#### [WORK INSTRUCTIONS]
What you produce should match the records below precisely, except that images are removed.

Stored items:
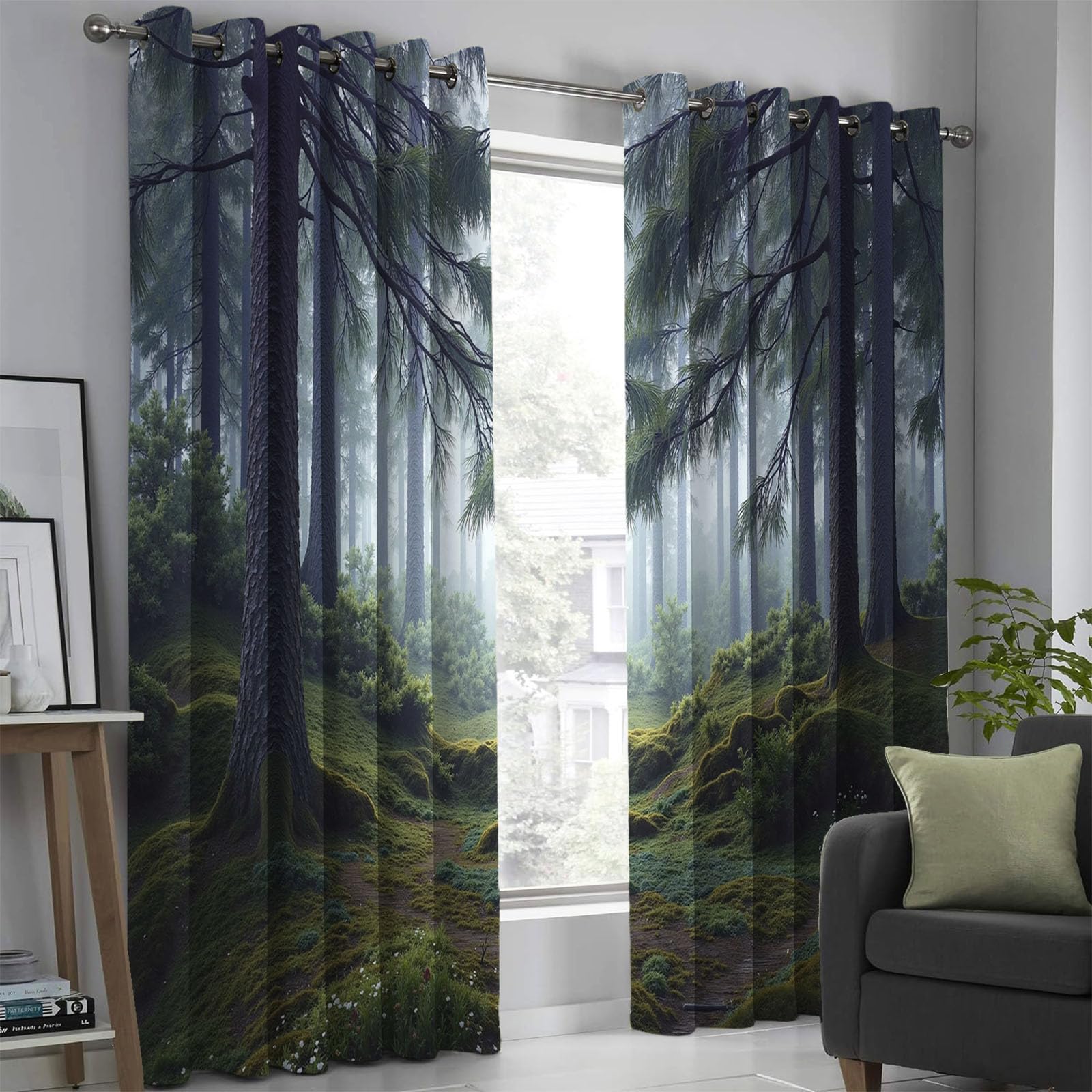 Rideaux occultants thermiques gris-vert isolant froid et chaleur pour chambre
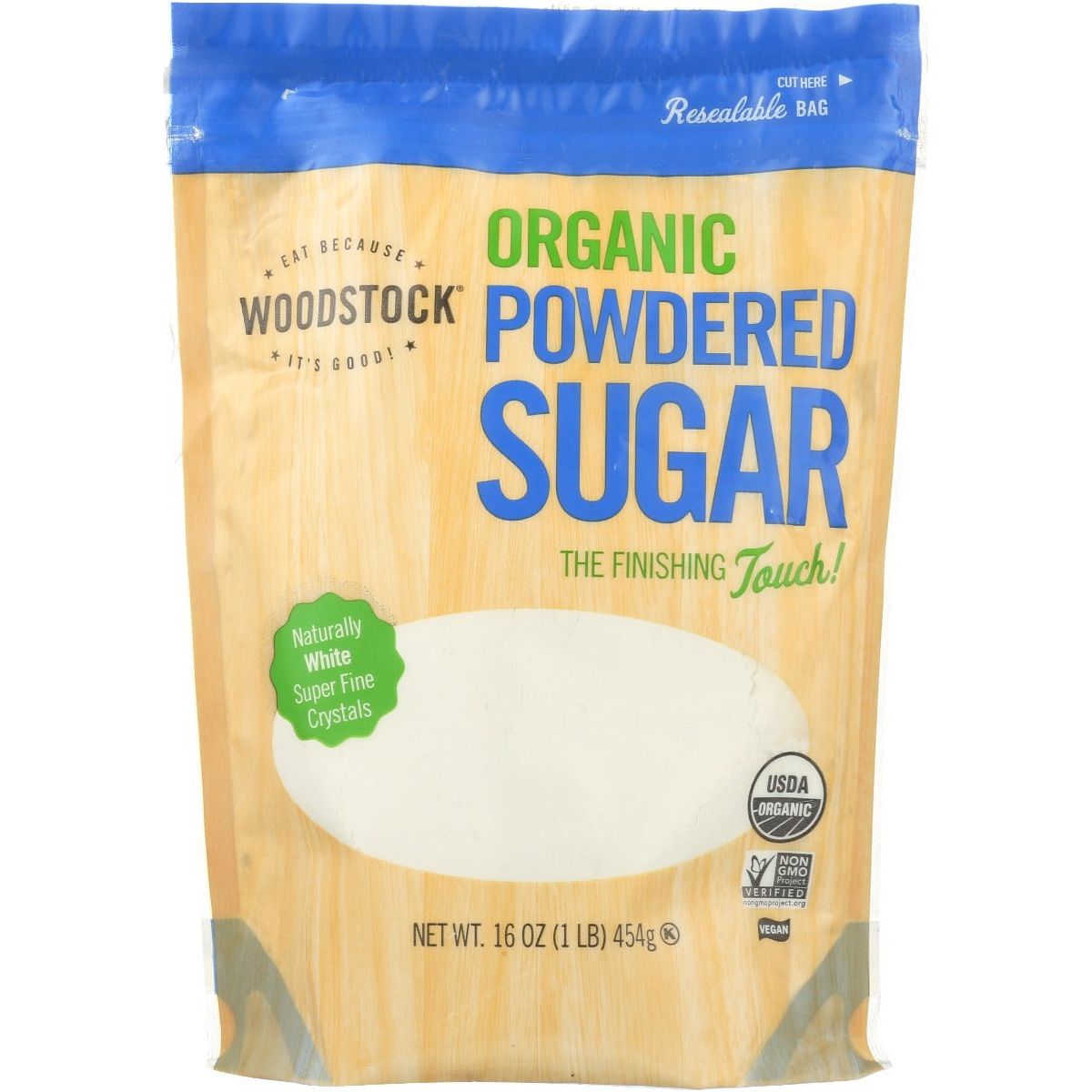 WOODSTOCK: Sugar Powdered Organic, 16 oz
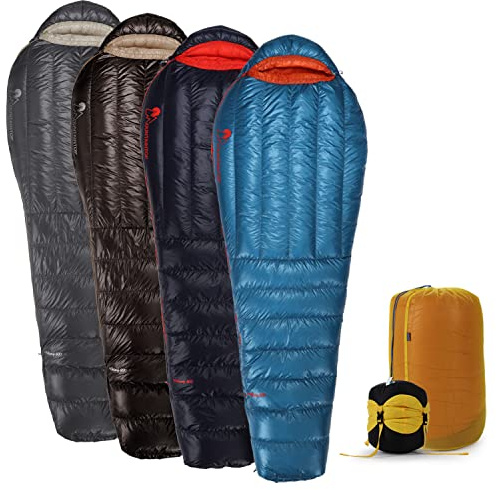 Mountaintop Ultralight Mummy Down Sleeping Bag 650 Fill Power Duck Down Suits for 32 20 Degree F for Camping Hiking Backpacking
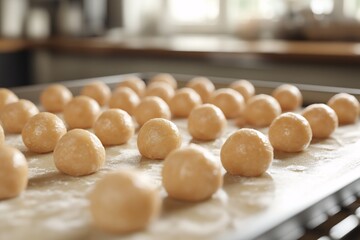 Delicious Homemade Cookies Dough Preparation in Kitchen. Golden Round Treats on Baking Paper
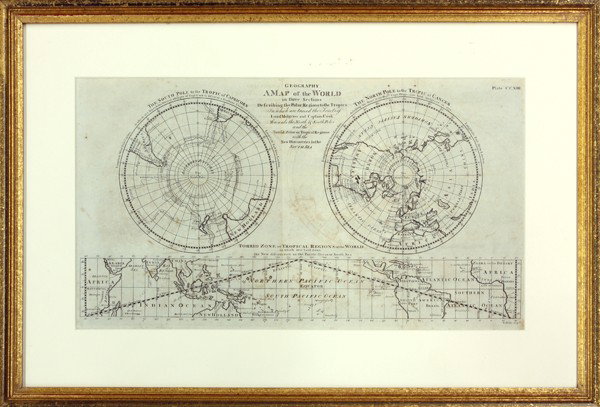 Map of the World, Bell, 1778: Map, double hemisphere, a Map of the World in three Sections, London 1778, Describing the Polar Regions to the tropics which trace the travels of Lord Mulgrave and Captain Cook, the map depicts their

#### [EXERCISE RESPONSE]
 Rideaux occultants thermiques gris-vert isolant froid et chaleur pour chambre
 WOODSTOCK: Sugar Powdered Organic, 16 oz
 Mountaintop Ultralight Mummy Down Sleeping Bag 650 Fill Power Duck Down Suits for 32 20 Degree F for Camping Hiking Backpacking
 Delicious Homemade Cookies Dough Preparation in Kitchen. Golden Round Treats on Baking Paper
 Map of the World, Bell, 1778: Map, double hemisphere, a Map of the World in three Sections, London 1778, Describing the Polar Regions to the tropics which trace the travels of Lord Mulgrave and Captain Cook, the map depicts their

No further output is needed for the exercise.